- _The task_: After reading the listing below, copy it out exactly.

- _Exercise data_:
---------------
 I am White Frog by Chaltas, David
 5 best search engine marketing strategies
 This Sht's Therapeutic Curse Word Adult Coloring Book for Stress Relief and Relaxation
---------------
- _Expected answer_:
 I am White Frog by Chaltas, David
 5 best search engine marketing strategies
 This Sht's Therapeutic Curse Word Adult Coloring Book for Stress Relief and Relaxation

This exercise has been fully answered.